# Plucking/Waxing a Pheasant



## burbach (Sep 29, 2005)

Does anyone have experience with plucking a pheasant and then cleaning off the pin feathers using wax? Any advice?


----------



## wburns (Feb 27, 2009)

I have used a hotwater bath, never done the wax thing.


----------



## Bug Guy (Jul 19, 2009)

Growing up, my family used to raise about 8000 pheasants per year for slaughter and we picked some to smoke. We used the hot water method and a commercial chicken plucker with 6 in rubber fingers on it that spun around with a variable speed. Pheasant skin is extremely fragile and it took some flare to get it right. When we tried the hand pick method, we tore the skin alot. Most often on the breast area and on the back where the skin is stretched tighter. It was a big pain, even with the machine. Now add to the fact that our birds didn't have ready made holes in them either and you will start to see what you are up against.
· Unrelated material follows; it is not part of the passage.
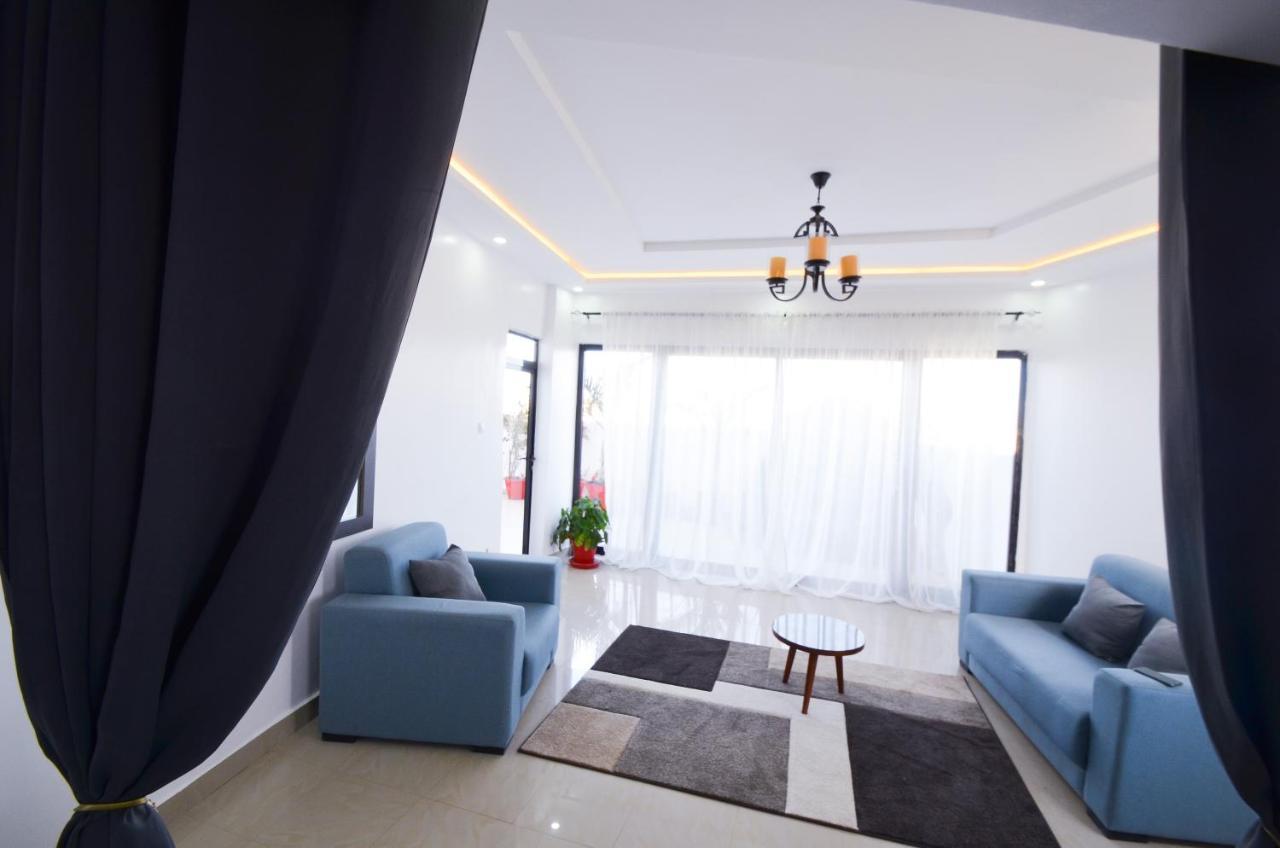 Penthouse Appartments In Almadies Dakar Dış mekan fotoğraf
Unless there is a really special reason to pick a pheasant, I would just skin it. If you do choose to pluck be very careful and plan to be there a while. Good luck!


----------



## Canuck (Nov 10, 2004)

The secret is to pluck them immediately when they are still hot.

Canuck


----------



## Lucky Lab (Apr 28, 2006)

Dry pluck them as soon as you can I have plucked as I walked back to the truck usually do 10-20 a year this way. Bird that are not shot up work best


----------



## Rick Acker (Sep 26, 2002)

When they are so tasty and fall off the bone in the crock pot...why go through all the trouble? Do they taste that much better?


----------



## riverview (Sep 1, 2009)

a plucked bird keeps much better. I pluck right after i shoot them. gives the dog a break and they pluck easy.


----------